As drillers shut-in dozens of wells across West Texas and southeastern New Mexico, just 30% of the nation’s working hydraulic fracturing crews were operating in the Permian. While the pandemic also took a toll on natural gas prices, the impact was nowhere near as dramatic, allowing the Marcellus Shale’s share to reach 31%.

36% of Nation’s Frac Crews Operating in Permian Basin

Since then, however, the easing of lockdowns around the world has allowed some stability to return to the oil market. Prices for West Texas Intermediate now hover around $39 per barrel – enough for Permian basin drillers to turn a profit.
According to Houston investment advisory firm Tudor, Pickering, Holt & Co., at least 10 frac crews returned to West Texas and southeastern New Mexico during June, increasing the Permian’s share to 36%.  The Marcellus Shale fell to 27%, while the Eagle Ford Shale in south Texas accounted for 12%.
Between 80 and 85 of the 450 frac crews available in the United States and Canada are now deployed in the field, up from 70 in May.  With the market seemingly stabilized, the report predicts fracking activity will inch up again in July and continue to improve through October.

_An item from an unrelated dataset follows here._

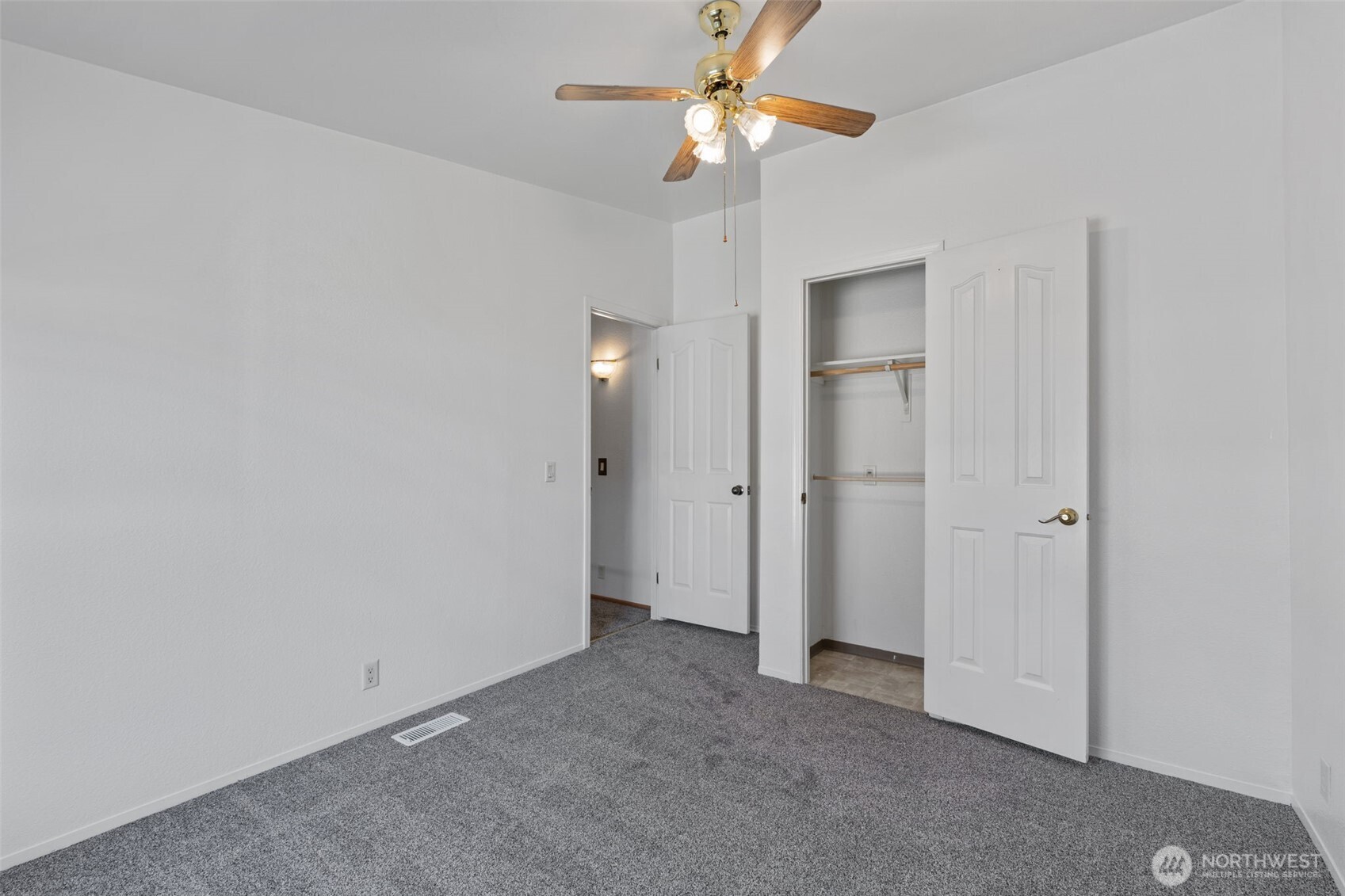 222 Maple Avenue 22 Property Photo 28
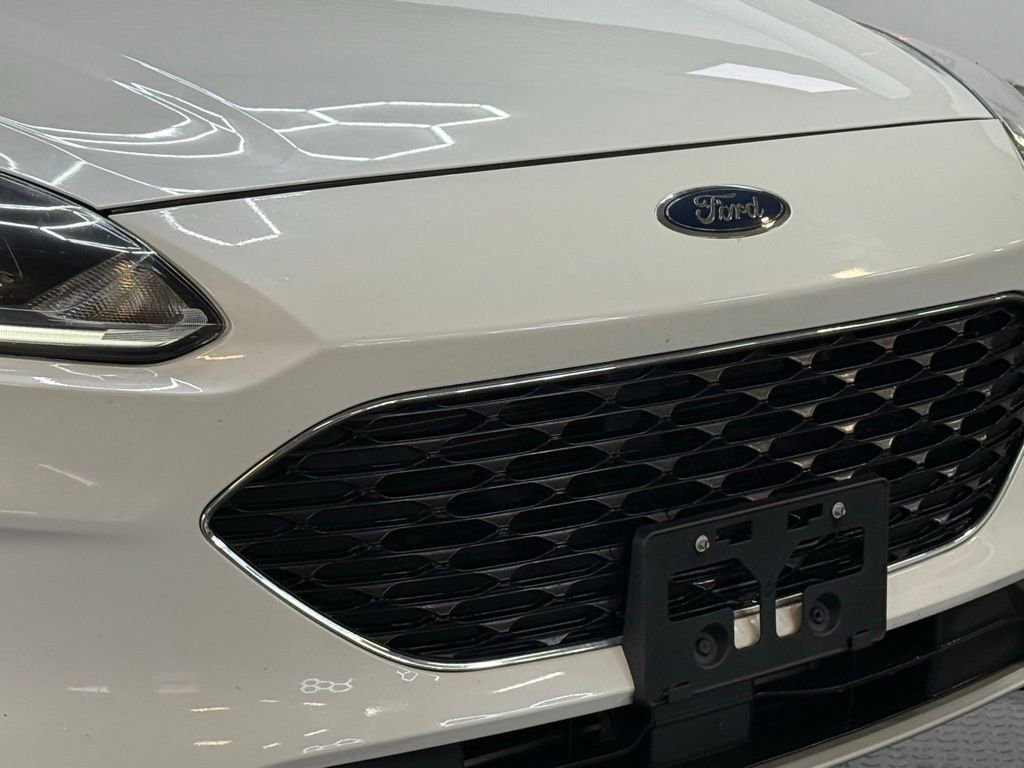 Certified 2020 Ford Escape SE video 3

Oil Recovery Uncertain Amid Ongoing Coronavirus Pandemic

There are other indications that the Permian basin is poised for a comeback.
During the first week of June, for example, 42 companies filed 109 new drilling permits with the Texas Railroad Commission, more than double the filings from just a week earlier. Nearly half sought to drill new horizontal wells in West Texas.
Yet drilling activity in the Permian basin remains well below last year’s levels, and the oil market’s complete recovery is by no means guaranteed, at least in the short-term. In fact, Coronavirus infections continue to mount in the United States, with Texas and several other states forced to slow their reopening plans after hitting records for new cases and hospitalizations in recent days.
“There will be some kind of decline in demand if cases were to increase as people will stay at home,” Howie Lee, an economist at Singapore’s OCBC Bank, told Reuters earlier today. “The pace of U.S. demand recovery will not be as steep as expected.”
And while some producers have resumed drilling, the number of oil and natural gas rigs operating in the United States remains at an all-time low for the ninth week in a row.